05 June 2014 | By: Ben Lefebvre
The Japan OTC Exchange (JOE) will unveil the country’s first LNG derivatives trading platform within the next month, even as the group is still trying to lock in possible participants, exchange director Kosuke Araki told ICIS in Tokyo on 27 May.
Creating the paper market would pave the way to Japan’s establishment of the world’s first LNG futures market in 2015. Japan, racked by some of the world’s highest LNG prices, hopes such a market will draw global interest and inject transparency into the commercial domain dominated by private contracts.
The US-dollar denominated swaps market is one of a group of initiatives the Japanese government is taking to limit the volatility of imported LNG costs.
The country’s Ministry of Economy, Trade and Industry (METI), which officially introduced the idea of an LNG futures market in April 2013, is also calling Japanese LNG buyers to form a consortium to negotiate for lower prices and domestic utilities to directly invest in foreign LNG projects.
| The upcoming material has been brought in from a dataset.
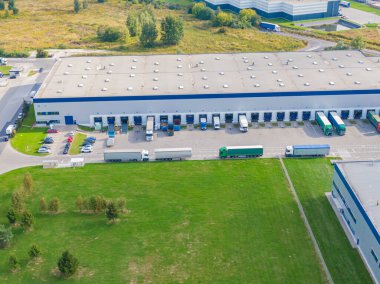 Malzeme deposunun havadan görüntüsü. Sanayi bölgesindeki lojistik merkezi yukarıdan. Lojistik merkez stok fotoğrafına yüklenen kamyonların hava görüntüsü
An LNG futures market would help stabilise LNG prices, METI stated in its April 2013 report.
Tokyo Electric (TEPCO), Chubu Electric and other Japanese utilities are currently paying $12.80/MMBTU for July-delivered LNG on the spot market, according to ICIS assessment.
“The establishment of such a market will develop the liquidity of LNG in the Asian region, so it may be preferable to buyers in Japan,” TEPCO representative Takuya Tanabe said on 2 June.
Chubu Electric in central Japan listed a host of possible benefits for LNG buyers. “We believe that the transactions will meet buyers’ desired conditions, including on volumes, timing, options, etc,” a Chubu spokesperson said on 4 June.
Utilities support trading platform
Japan’s utilities have supported the idea as a way to smooth out dramatic price fluctuations and better reflect market fundamentals than the system of all-private contracts currently in place, Tokyo Commodity Exchange (TOCOM) chief executive Mitsuhiro Onosato told ICIS on 27 May. At least five companies will have to participate in the market to make it practical, Onosato said.
“They need an open price benchmark, and they are interested in putting demand factors more clearly in the price,” he said.
Buying and selling LNG on an open platform would also benefit sellers such as Anglo-Dutch oil and gas major Shell and UK-based BP and others by minimising the time they need to market LNG cargos available for the spot market, Onosato added.
Ginga Energy Japan, a subsidiary of Singapore-based energy broking firm Ginga Petroleum, is working with JOE to convince companies to join the exchange.
LNG – not liquid enough?
LNG sellers, however, have been less optimistic about the market’s success. LNG traders in Tokyo speaking off the record with ICIS have described the idea of an LNG swaps and futures market as a government initiative with little support outside the utilities.
The market’s success or failure would have little effect on overall business, a source in one Japanese trading company said on 4 June. One potential hurdle that sellers, traders and analysts ICIS interviewed have flagged is liquidity. JOE has set the minimum LNG swap contract at 250,000 MMBtu, a large amount that might keep trading activity sparse.
The spot LNG market can already be slow moving, with only a handful of sales contracted each month. Another liquidity fear is that Japan’s energy infrastructure, with pipelines and terminals mostly owned by the individual companies, is not open enough to allow the necessary trading in physical LNG.
“The futures market only works if its backed up by a physical market,” Steven Miles, LNG analyst at US law firm Baker Botts, said on 27 May.
“Sometimes you have to take delivery. How does that happen in Japan? You don’t have open access LNG delivery terminals - they’re proprietary terminals.”
Although no one ICIS talked to in the market doubted that Japan would succeed in launching the swaps and futures market, its ultimate success is still up for question, Eurasia Group analyst Leslie Palti-Guzman told ICIS on 27 May.
“It’s potentially a solution for supplying a pricing benchmark until a real Asian hub emerges,” she said.